• PROBLEM DESCRIPTION: Below are the records; retype them exactly and omit each picture.

── WORKING DATA

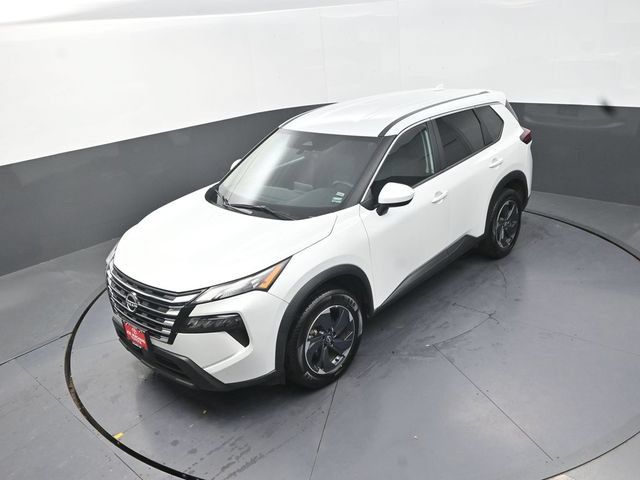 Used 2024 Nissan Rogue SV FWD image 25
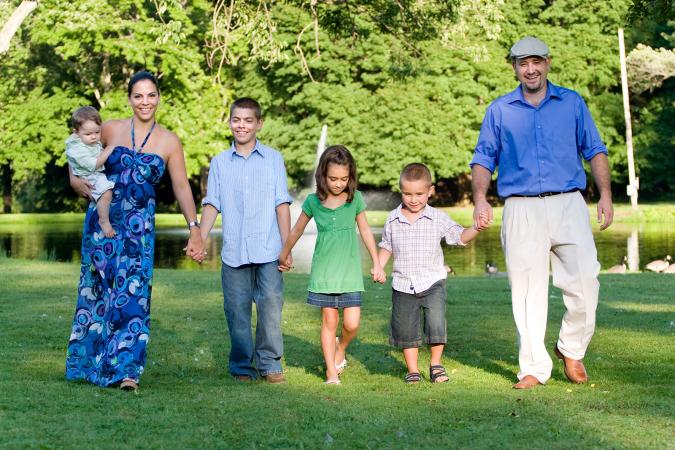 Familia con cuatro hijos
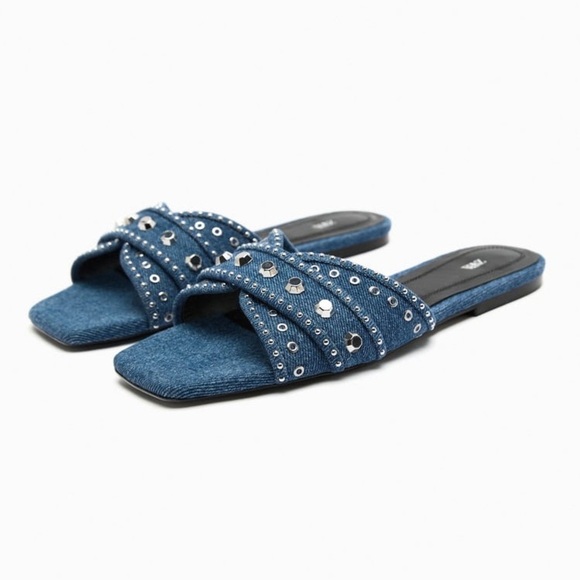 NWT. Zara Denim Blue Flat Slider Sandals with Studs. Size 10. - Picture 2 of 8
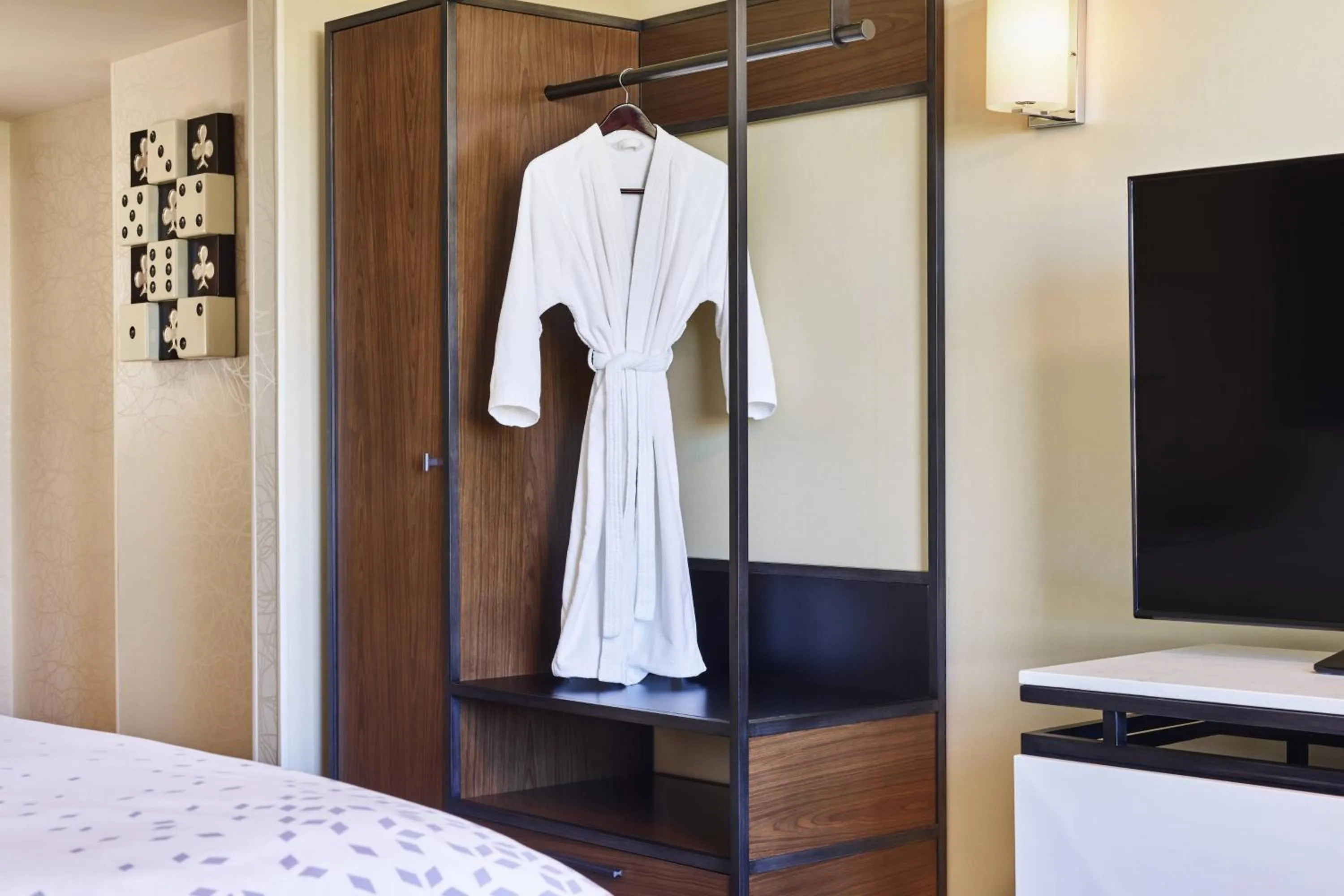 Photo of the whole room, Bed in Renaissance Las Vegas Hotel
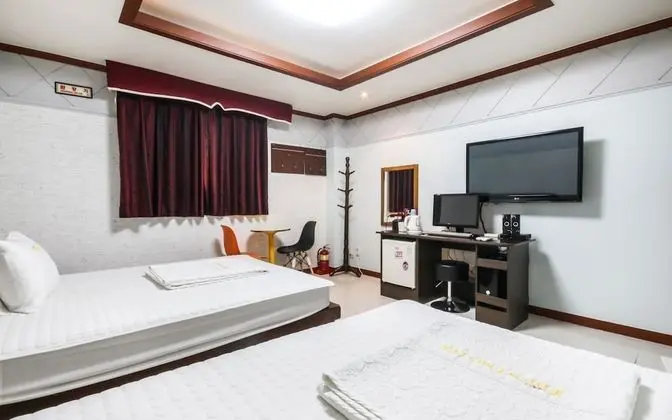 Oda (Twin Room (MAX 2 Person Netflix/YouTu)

────

• RESULT FOR THIS EXERCISE:
 Used 2024 Nissan Rogue SV FWD image 25
 Familia con cuatro hijos
 NWT. Zara Denim Blue Flat Slider Sandals with Studs. Size 10. - Picture 2 of 8
 Photo of the whole room, Bed in Renaissance Las Vegas Hotel
 Oda (Twin Room (MAX 2 Person Netflix/YouTu)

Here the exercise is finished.